● Given material:

○ ○ ○ ○

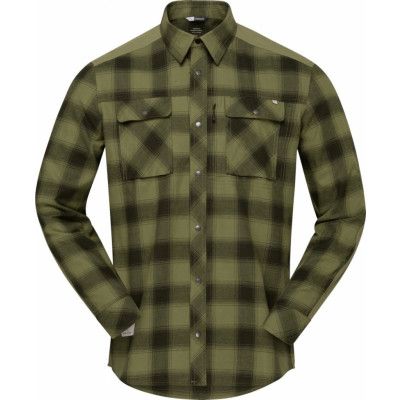 Norrøna Men's Femund Flannel Shirt Rosin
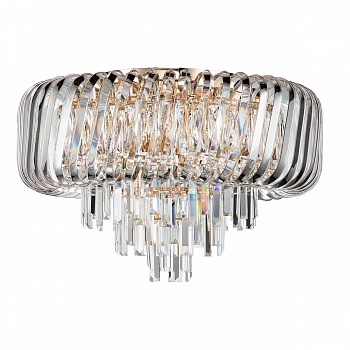 Потолочный светильник Indigo Braccia 12007/8С Gold V000042  фото, kupilegko.ru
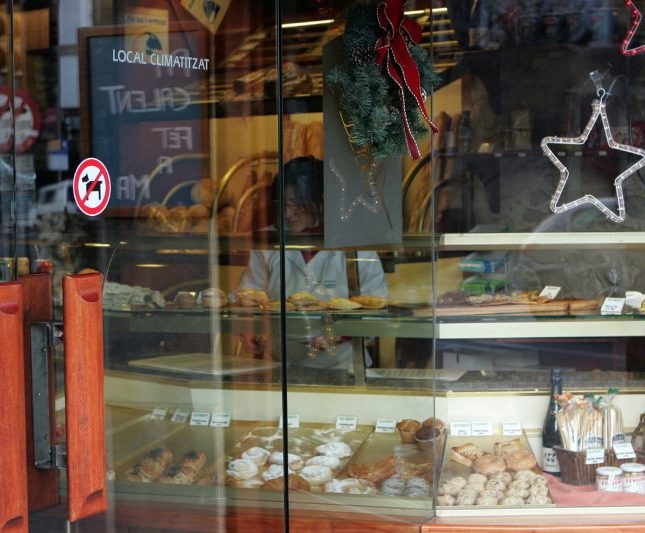 panadería barcelona publicidad sexista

○ ○ ○ ○

● What is needed:
Please restate word for word each line from the one containing "Потолочный светильник Indigo" to the end of the data above, without the pictures.

● Finished exercise:
 Потолочный светильник Indigo Braccia 12007/8С Gold V000042  фото, kupilegko.ru
 panadería barcelona publicidad sexista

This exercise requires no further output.